MIAMI BEACH -- A retired chief executive officer of First Chicago Corp. lamented the effect that industry consolidation may be having on local philanthropic and community-service commitments by banking companies.
Richard Thomas, who was chairman of First Chicago and First Chicago NBD Corp. before it became part of Bank One Corp., said the declining number of large banks, and with it the number of executives in senior positions, means there are fewer people to take the civic leadership positions that bankers historically and disproportionately filled.
"Others will have to pick up that slack -- otherwise communities will lose that ingredient," Mr.
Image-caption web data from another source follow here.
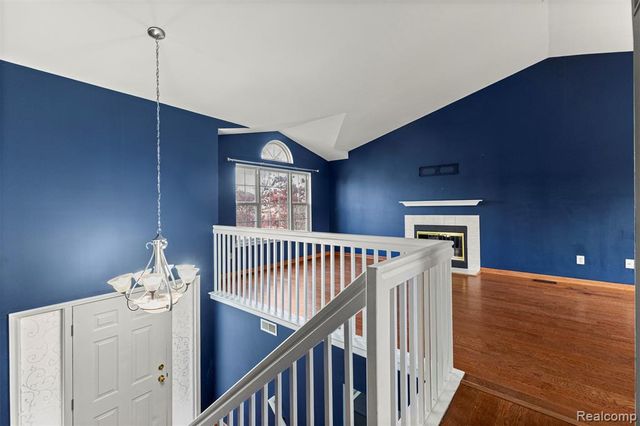 7595 Streamwood Drive, Ypsilanti, MI 48197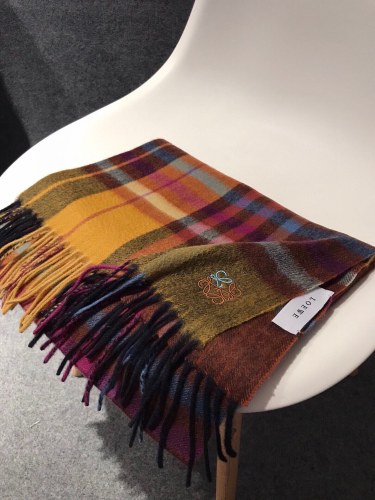 Loewe Cashmere Water Ripple Color Block Scarf Size: 30*180cm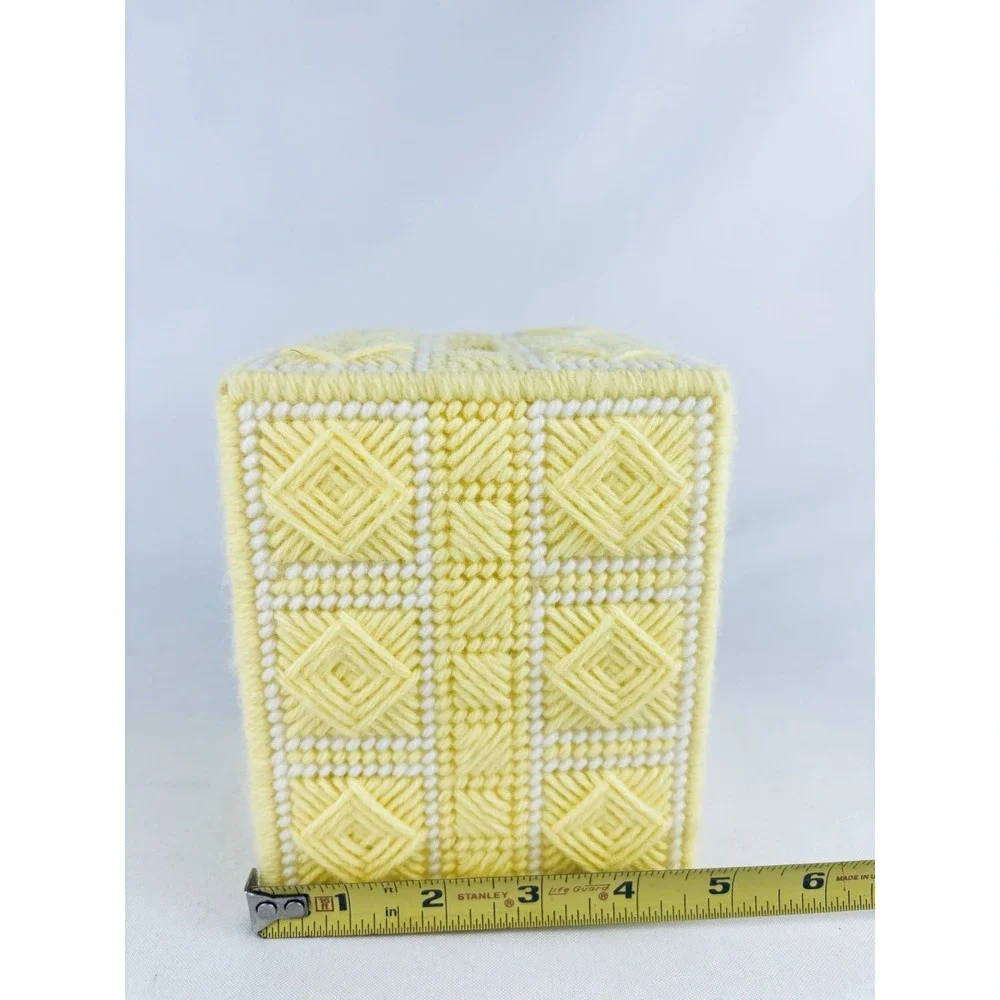 Knitted Stitched Crochet Tissue Box Cover‎ Vintage Yellow  Cream Handmade Decor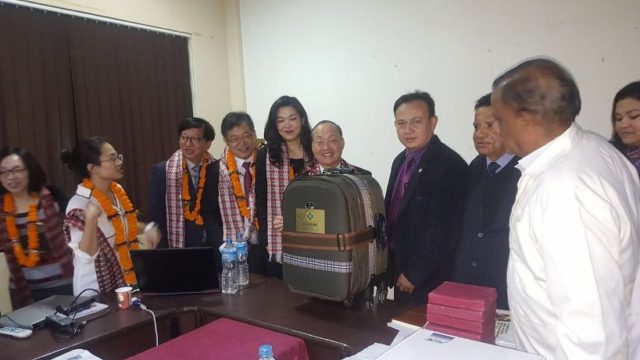 केडीसीलाई ताईवानको टुङ्स टाइचुङ हस्पिटद्धारा मेडिकल उपकरण सहयोग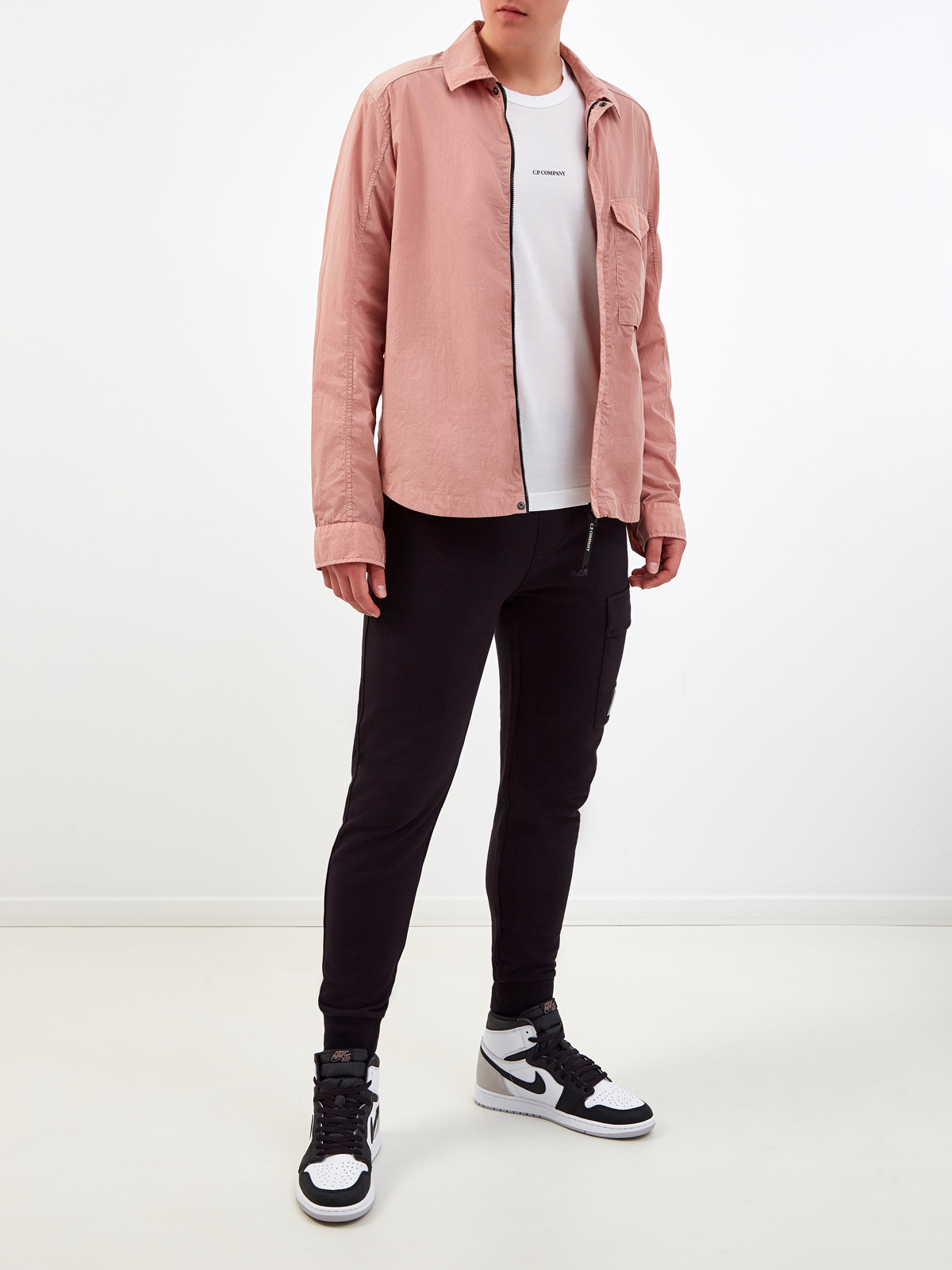 Куртка из быстросохнущего нейлона Chrome-R с линзой C.P.COMPANY, цвет розовый, размер M;L;XL;2XL - фото 2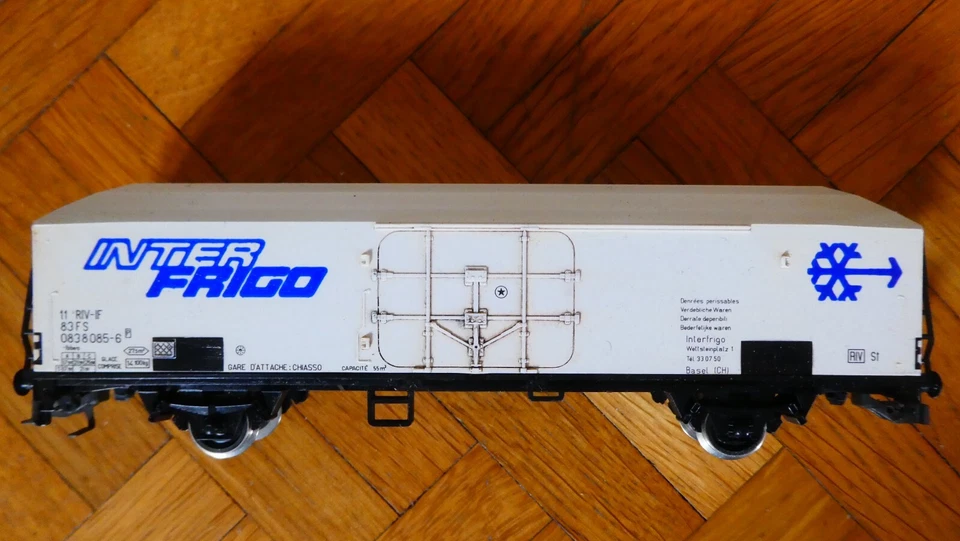 wagon de marchandises frigorifique INTERFRIGO FS patiné Rivarossi HO - Photo 1/4
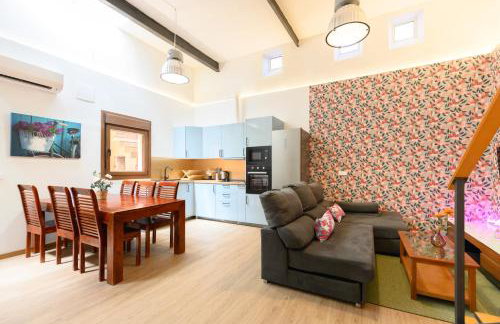 Dúplex Moderno con 2 Dormitorios, Cocina Equipada Confort y Estilo Temporal CAÑ220 - Foto 9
Thomas said Tuesday evening to an audience of early arrivals at Bank Administration Institute's Retail Delivery '99 Conference. He was participating in a panel discussion of elder statesmen, also consisting of former NCNB Corp. (later renamed NationsBank and Bank of America) chairman Thomas Storrs, the credit card pioneer and retired Visa International president Dee Hock, and Washington consultant Carter H. Golembe.
Mr. Storrs did not share Mr. Thomas' concern about bankers' community contributions. Though conceding that banking companies are consolidating, growing in size, and shrinking in number -- he called that a net plus for efficiency and the ability to exploit technology -- Mr. Storrs said bankers remain accountable to their hometowns. Civic involvement plays a big part in their ability to prosper at the local level and rise through their organizations, he said.
"I don't understand what the issue is," Mr. Storrs said. He took some credit on behalf of Bank of America and its predecessor companies for ensuring that the headquarters city of Charlotte, N.C., has a vital, central core.
Mr. Golembe, invoking his background as an economic historian, pointed out that before the Civil War, banks were heavily responsible for the expansion of the American West -- then stretching from the Allegheny Mountains to the Mississippi River. By acting very different from established eastern institutions, frontier banks "literally built entire cities," he said.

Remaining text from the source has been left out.